The narrative coming out of Hollywood for the nearly
two years leading up to the final season of Game
of Thrones was that this was going to be a flashpoint in modern culture. Game of Thrones was, in the minds of
many, the last true ‘water cooler’ series we would ever see on TV, the last
show that would be a critical and ratings hit for the entire world. (I could
make a strong counter argument for The
West Wing or Lost, but let’s that
go.) When it came to an end, it would be the end of an era for television. And
when the final season turned out to be one of the biggest disappointments in
the history of television, the Emmys decided, why let the facts get in the way
of a good story?
That and the overall laziness of
the Academy voters in general. As I have mentioned over and over, Emmy voters
have the habit of nominating the same series year after year, no matter how
much the quality of the series declines. It was true for House of Cards, for Will
& Grace, and The West Wing (the
series whose record the Emmys broke), and there’s no particular reason the
Emmys should stop now when they’re considerably behind the curve.
So, this begs the question: will
the Emmys follow their own track record, and decide to give Best Drama to the
final season that alienated people so much that any hope HBO has of continuing
the franchise in prequels may be seriously damaged?
Well, let’s consider as an example
the four previous series. It worked for The
Sopranos, which prevailed in 2007. (Hell, the voters even gave ‘Made in America ’ the
Best Writing award.) They were more than willing to give Breaking Bad its due. However, the final season of Mad Men didn’t do as well (mainly
because Game of Thrones was the big
winner the last year.) Lost had its best year at the Emmys,
getting twelve nominations, but the stigma of the finale may have loomed so
large that the Emmys didn’t recognize it. (Then again, the competition included
Breaking Bad and Mad Men both of which had enjoyed superlative seasons, so it’s hard
to say here.)
Casual observers may say: well the
Emmys gave the show 32 nominations, so it’s a done deal. But this is not necessarily
the case. The series that set the original record that Game of Thrones broke – NYPD
Blue in 1994 – was an even larger groundbreaker than Game of Thrones ever was. Yet it ended up losing Best Drama to Picket Fences that year.
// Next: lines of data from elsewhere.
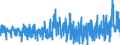 Area: World (all entities) / Sector, ESA95, securities issues/payment compilation linked: Total economy / ESA95 Account: Long-term / Fixed rate issues / Valuation in MUFAs context: Nominal value / Securities data type: Net issues (flows) / Currency: Euro / Denom. of series or special calc.: Euro / Securities suffix: Unspecified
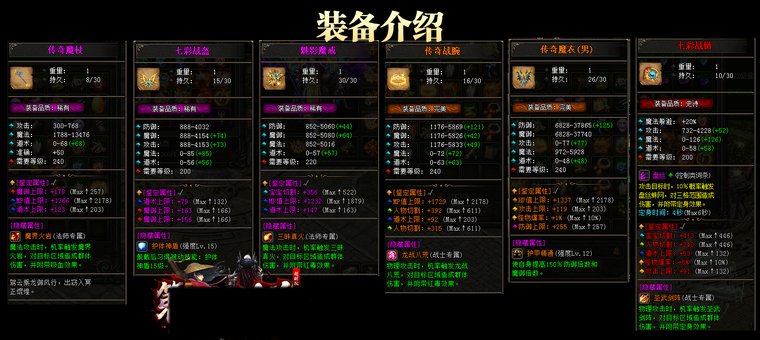 装备介绍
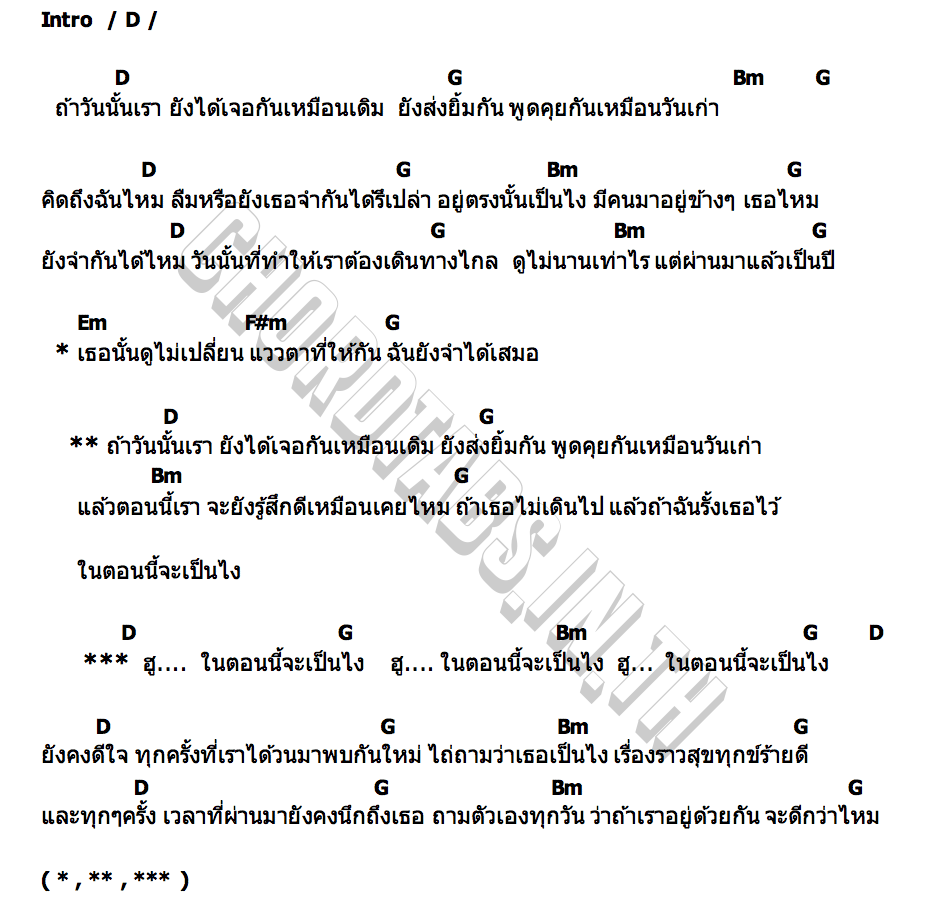 คอร์ด ถ้าเราไม่ห่าง (Wish you were here) Le Fronce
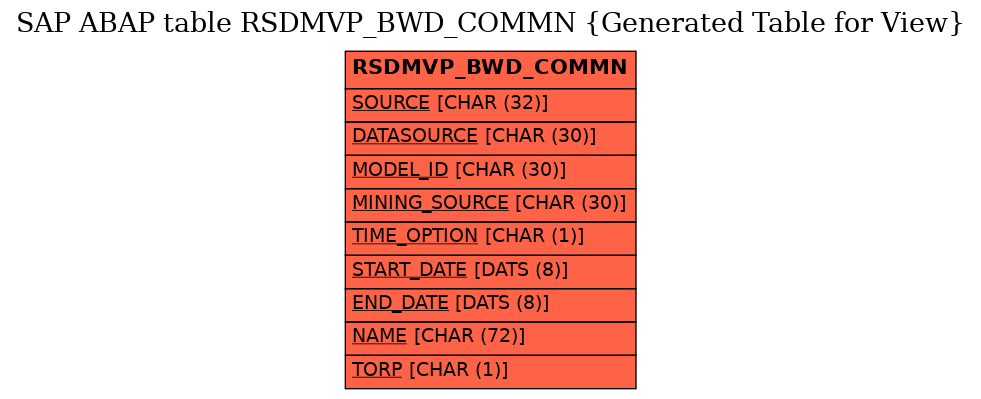 E-R Diagram for table RSDMVP_BWD_COMMN (Generated Table for View)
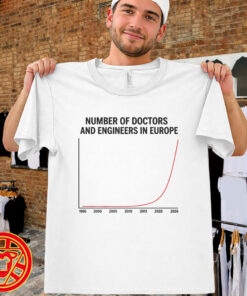 Doctors And Engineers In Europe-men-design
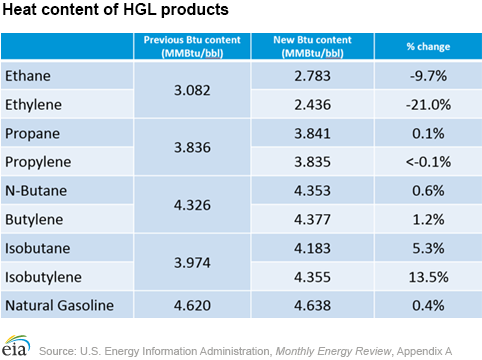 Heat content of HGL products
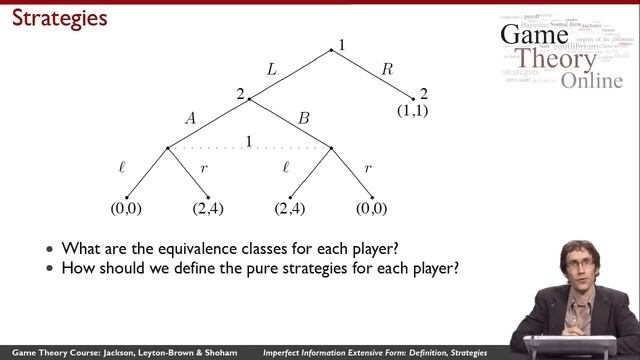 GTO-4-08: Imperfect Information Extensive Form: Definition Strategies
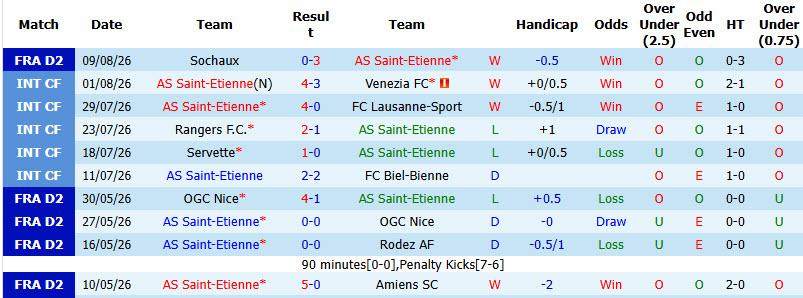 Nhận định, soi kèo Saint Etienne vs Clermont, 01h45 ngày 15/8: Quỷ xanh đi săn - Ảnh 2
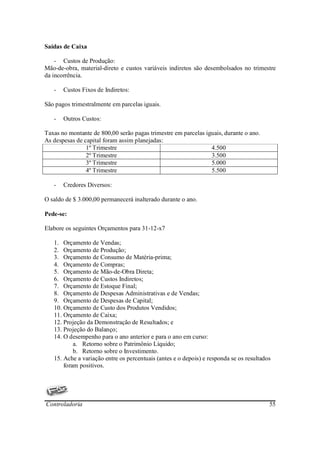Saídas de Caixa

    - Custos de Produção:
Mão-de-obra, material-direto e custos variáveis indiretos são desembolsados no trimestre
da incorrência.

   -   Custos Fixos de Indiretos:

São pagos trimestralmente em parcelas iguais.

   -   Outros Custos:

Taxas no montante de 800,00 serão pagas trimestre em parcelas iguais, durante o ano.
As despesas de capital foram assim planejadas:
                1º Trimestre                                    4.500
                2º Trimestre                                    3.500
                3º Trimestre                                    5.000
                4º Trimestre                                    5.500

   -   Credores Diversos:

O saldo de $ 3.000,00 permanecerá inalterado durante o ano.

Pede-se:

Elabore os seguintes Orçamentos para 31-12-x7

   1. Orçamento de Vendas;
   2. Orçamento de Produção;
   3. Orçamento de Consumo de Matéria-prima;
   4. Orçamento de Compras;
   5. Orçamento de Mão-de-Obra Direta;
   6. Orçamento de Custos Indiretos;
   7. Orçamento de Estoque Final;
   8. Orçamento de Despesas Administrativas e de Vendas;
   9. Orçamento de Despesas de Capital;
   10. Orçamento de Custo dos Produtos Vendidos;
   11. Orçamento de Caixa;
   12. Projeção da Demonstração de Resultados; e
   13. Projeção do Balanço;
   14. O desempenho para o ano anterior e para o ano em curso:
           a. Retorno sobre o Patrimônio Líquido;
           b. Retorno sobre o Investimento.
   15. Ache a variação entre os percentuais (antes e o depois) e responda se os resultados
       foram positivos.




Controladoria                                                                            55
 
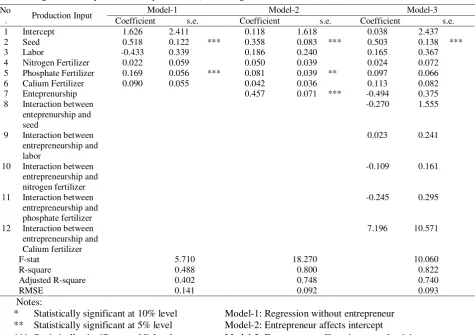 Table 2. Regression analysis of shallot production (double-log functional form) 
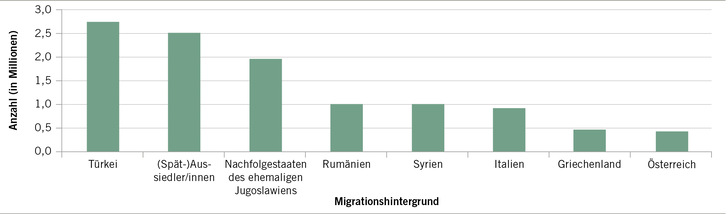 Abb. 1:    Die größten Bevölkerungsgruppen mit Migrationshintergrund in Deutschland 2020. Quelle: eigene Darstellung nach Daten des Mikrozensus 2020 (Statistisches Bundesamt 2021); die Migrationshintergründe „Polen“, „Länder der ehemaligen Sowjetunion“ und „Rumänien“ sind ﻿nicht separat ausgewiesen, da diese bereits teilweise in der Gruppe der (Spät-)Aussiedlerinnen und -Aussiedler enthalten sind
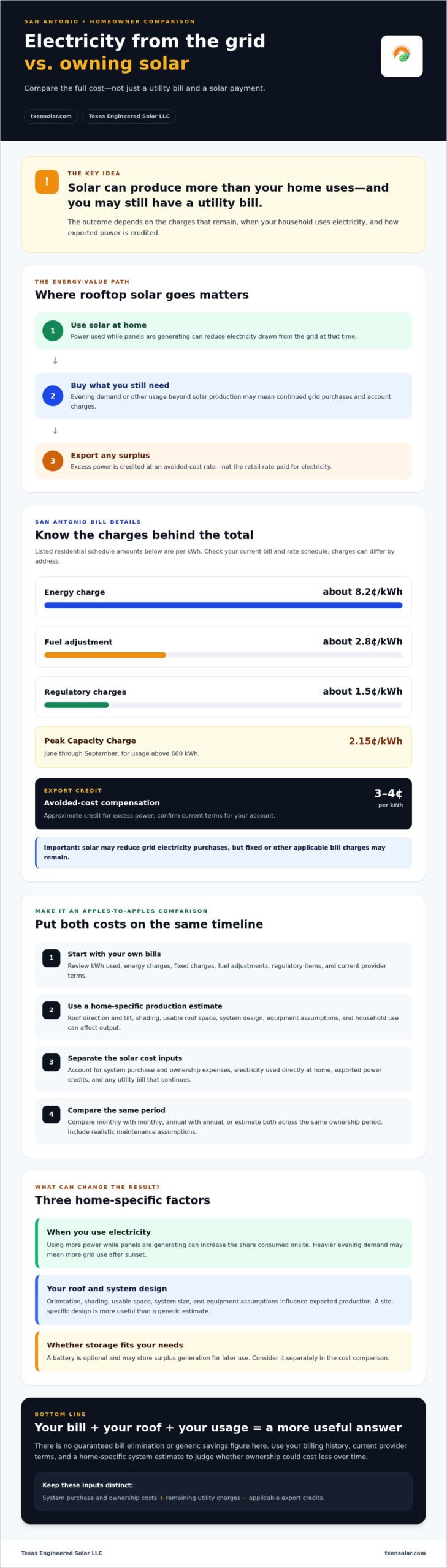 San Antonio Electricity vs. Solar: 2026 Cost Comparison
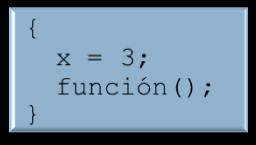 Memória 11 Código Fonte Endereços simbólicos (x) Programa objeto (em ling.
The very next
season ER - which was a far bigger
popular success than Game of Thrones can
ever claim to be – got twenty nominations, but lost Best Drama – to NYPD Blue. The Emmys is notorious for
setting up overwhelming favorites in the nominations, and then having them end
up doing very badly when it comes to the big prize. Game of Thrones knows that better than most: during the years the
series was at its peak – the first four seasons – it would constantly dominate
the nominations, but end up losing –twice to Breaking Bad.
And there are signs that many
critics feel the same way. As I mentioned in an earlier article, the TV Critics
Association chose not to even nominate the series for Best Drama and give its
top prize to Better Call Saul. The Peabodys chose to honor Killing Eve and Pose. And earlier this year, the SAG Awards chose to give their top
prize to This is Us. All of these
series are up for Best Drama, and all have a better argument for winning than Game of Thrones does, much of which
comes down to Game of Thrones has won
three times. None of them have.
So, is it likely that Game of Thrones is going to end up
winning the prize for Best Drama in about six weeks? Unfortunately, it is. But
it is possible that Emmy voters, having seen the episode, and more importantly,
knowing just how bad the critical response is, might decide to go with another,
better series? You can’t rule it out, which is one of the reasons I like the
Emmys so much. Let’s hope that they remember the Starbucks cup in Westeros
before they decide just how great this series was.